Coutinho committed his long-term future to Liverpool earlier this year by signing a new five-year contract, but the world-record £200 million transfer of his compatriot Neymar to Paris Saint-Germain has revived talk of the Brazilian swapping Anfield for the Nou Camp, The Independent reported.
As The Independent revealed last month, Coutinho’s camp feels there is a “70 percent” chance of the move going ahead, and Barcelona’s president has refused to rule out bidding for the 25-year-old.
And this weekend, reports in Spain claimed that representatives from Barcelona have traveled to England three times to meet with Coutinho’s representatives, with the daily newspaper AS increasingly confident a deal will go ahead.
Meanwhile, The Mirror reported that Coutinho has personally told Barcelona he is ready to move.
However, it is understood that Liverpool is still hopeful Coutinho will remain at the club, with manager Jurgen Klopp under absolutely no obligation to sell.
And only this week, the club’s former director of football Damien Comolli stressed that he believes the club can hang onto their prize asset.
“It would be extremely difficult, almost impossible, to replace Coutinho with a like-for-like player in terms of skills and knowledge of the Premier League,” Comolli admitted on talkSPORT.
“I don’t think Liverpool can afford to sell him...but if they actually want to keep the player, I think they can say ‘no’.

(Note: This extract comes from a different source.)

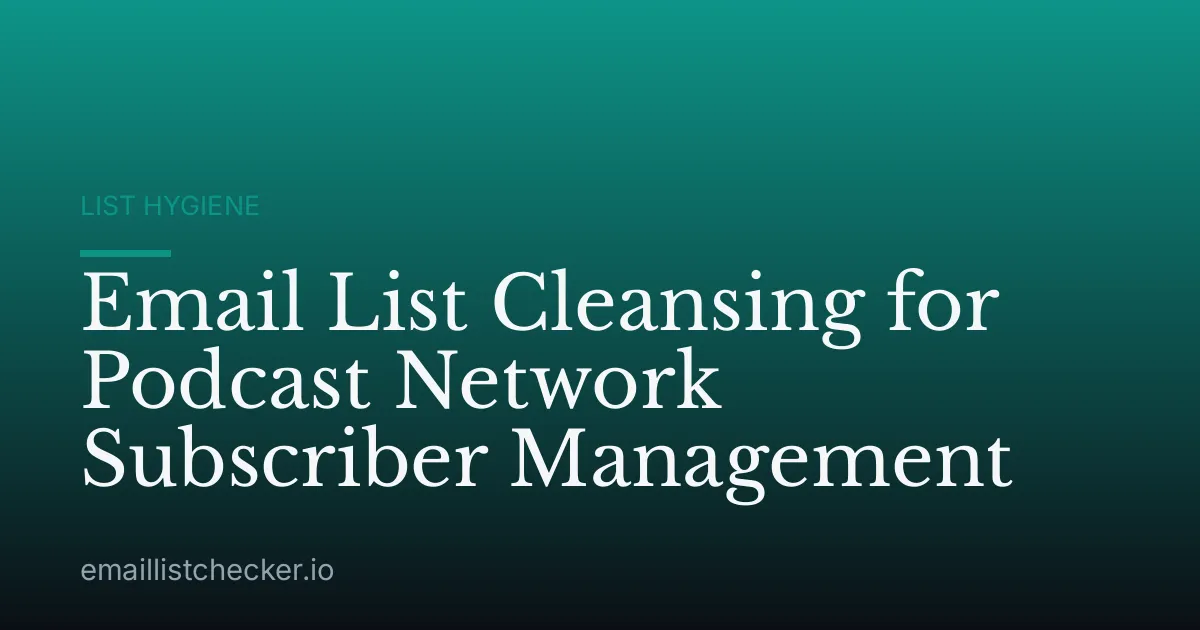 Email List Cleansing for Podcast Network Subscriber Management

“The [financial] landscape has changed massively over the last 12 or 24 months in world football.
“In the deal we had with Suarez, he told me one thing: ‘If Real Madrid or Barcelona come for me, would you let me go?’
“However, because the Premier League has so much financial ability to resist any bid, I think if Liverpool want to say no, they say no.
“That’s exactly what PSG did with Barcelona and [Marco] Verratti. Barcelona had agreed a deal with Verratti, but they came to PSG and they said, ‘absolutely no chance, the player is staying’.
“Liverpool don’t need the money – no club in the Premier league needs the money because they’re so much coming in from the TV rights.”